Jasper van den Herik is a PhD-student at Erasmus School of Philosophy. He is working on the FWO and NWO funded project "Getting real about words and numbers. An enactive approach to language and mathematics".

He is interested in languaging as something we do. From a radical enactive-ecological perspective I investigate different aspects of languaging, such as the nature of linguistic knowledge, the ontogenetic origins of linguistic content, and the way words work.

About the lecture: An Ecological-Enactive Account of Language Learning

Explaining the origins of human language seems to pose a conceptual problem: we have ways of talking about non-linguistic behaviour and ways of talking about linguistic behaviour, but, in the words of Davidson (1999: 11), ‘what we lack is a satisfactory vocabulary for describing the intermediate steps’. In this talk I propose an account of these intermediate steps in the linguistic development of children by starting from the ecological-enactive approach.
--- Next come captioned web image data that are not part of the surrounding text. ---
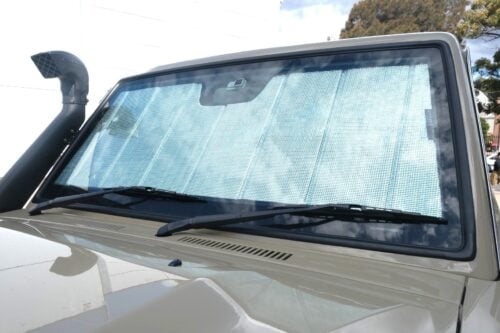 Toyota LandCruiser Troop Carrier/ 70 Series Front Windscreen Sun Shade (Without Pre-collision System) (75/76/78/79 Series; 2009-2022) - Image 2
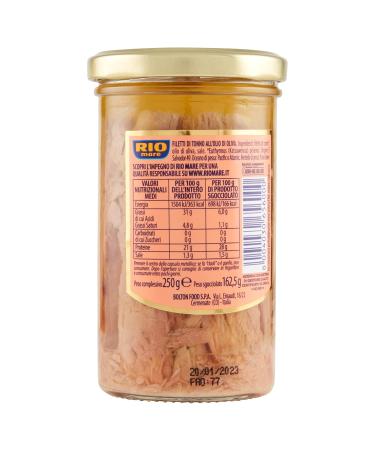 Buy 6x Rio Mare Tuna Fillets in Olive Oil - Premium Handmade 250g | International Shipping Available - Buy Online on SooperMarket.com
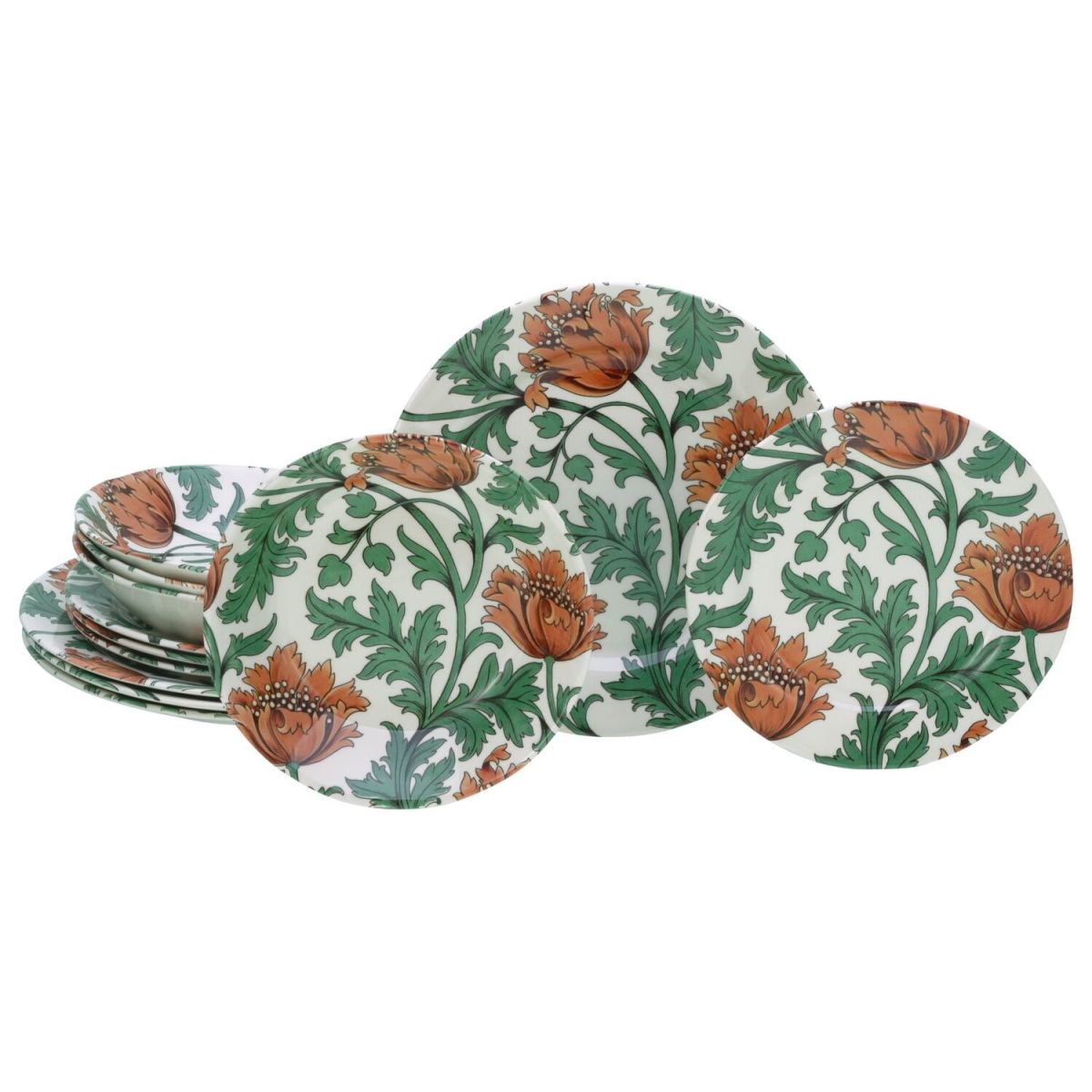 CreaTable Florentina WL - Tellerset 12-tlg; mehrfarbig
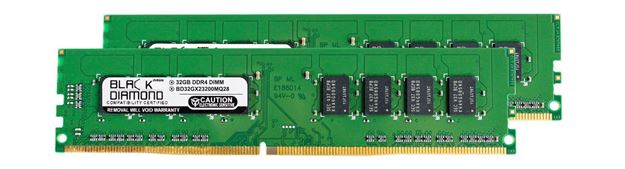 Picture of 64GB Kit (2X32GB) DDR4 3200 Memory 288-pin (2Rx8)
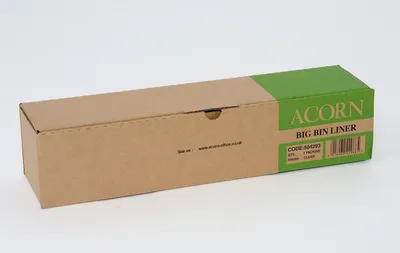 Müllbeutel für Recycling, 160 Liter, 50 Stück, weiß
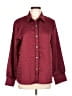 Unbranded Burgundy Long Sleeve Button-Down Shirt Size L - photo 1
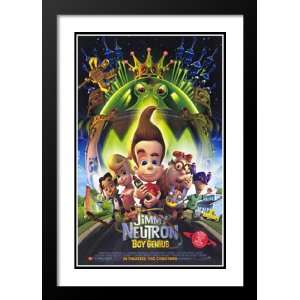 Jimmy Neutron Boy Genius 20x26 Framed and Double Matted Movie Poster 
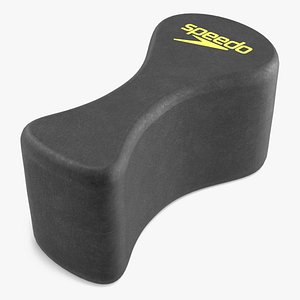 Swimming Pull Buoy Speedo Black 3D model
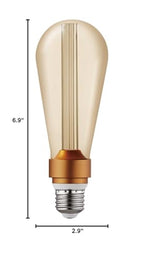 Globe Electric Designer Synergy ST64 E26 Medium LED Bulb Cool White 15 Watt Equivalence 1 Pk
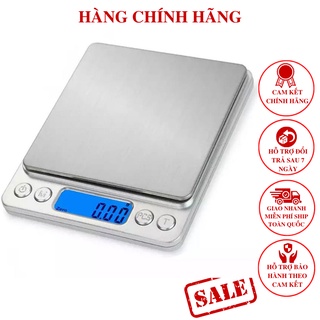 Cân Tiểu Ly Điện Tử Platform 3kg - Cân Điện Tử Mini, Cân Tiểu Li Inox I-2000 Tiện lợi dễ sử dụng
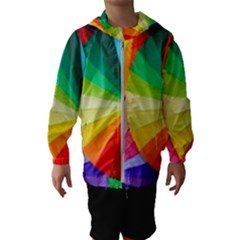 Bring Colors To Your Day Kids  Hooded Windbreaker by elizah032470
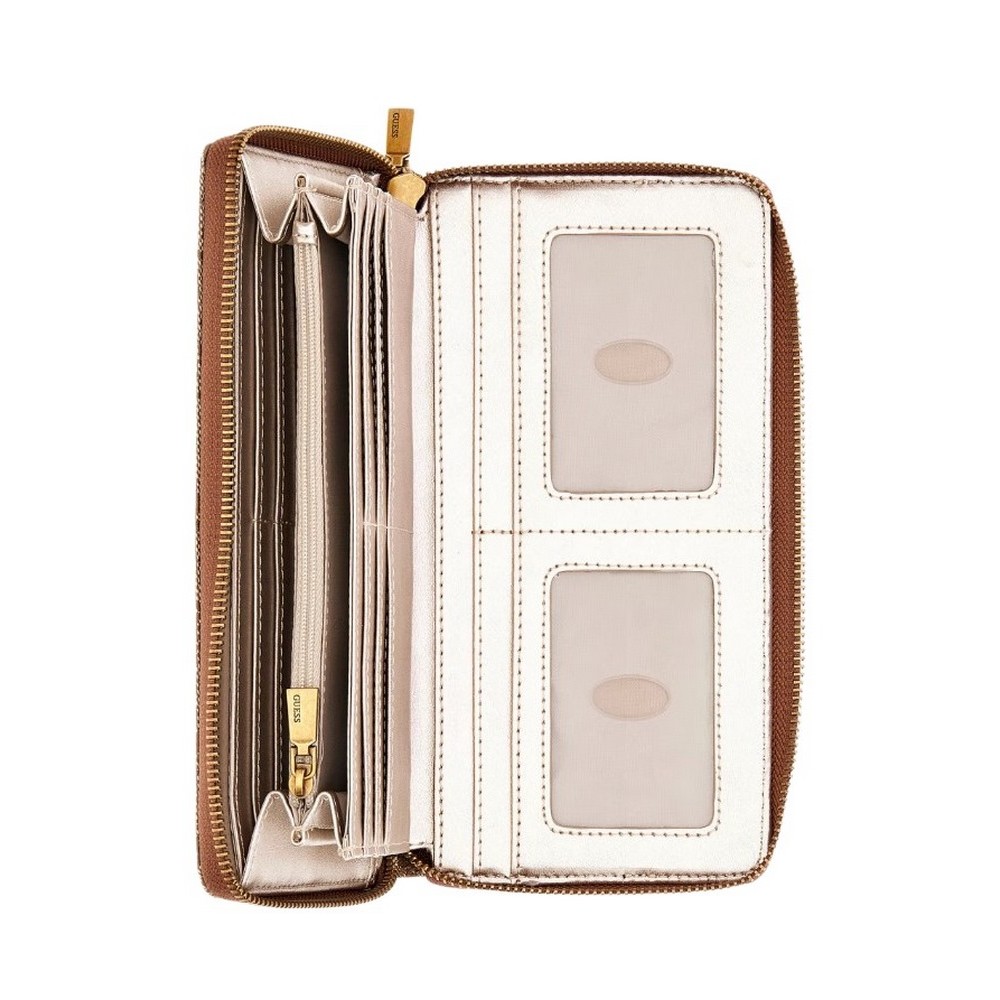 GUESS KATEY SLG CHEQUE ORGANIZER ΑΞΕΣΟΥΑΡ ΠΟΡΤΟΦΟΛΙ ΓΥΝΑΙΚΕΙΟ BROWN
This approach explains human behaviour in relational terms, as dynamically unfolding skilful interactions with the sociomaterial world. Building on the education of attention model of learning, I propose to conceive of the child’s initial communicative behaviour (her ‘first words’) as attentional actions: actions that indicate an aspect of the environment to someone else in the unfolding of social interaction. By learning to be guided by, and guide others by these attentional actions, a child learns to construe her world as others in her community do. I argue that in order to become a competent language user, a child also has to undergo metalinguistic education of attention, in which she learns to construe linguistic behaviour as others in her community do. In doing so I pay special attention to how the normative background provided by the child’s caregivers enable her to gradually grow into her role as competent participant in linguistic practices.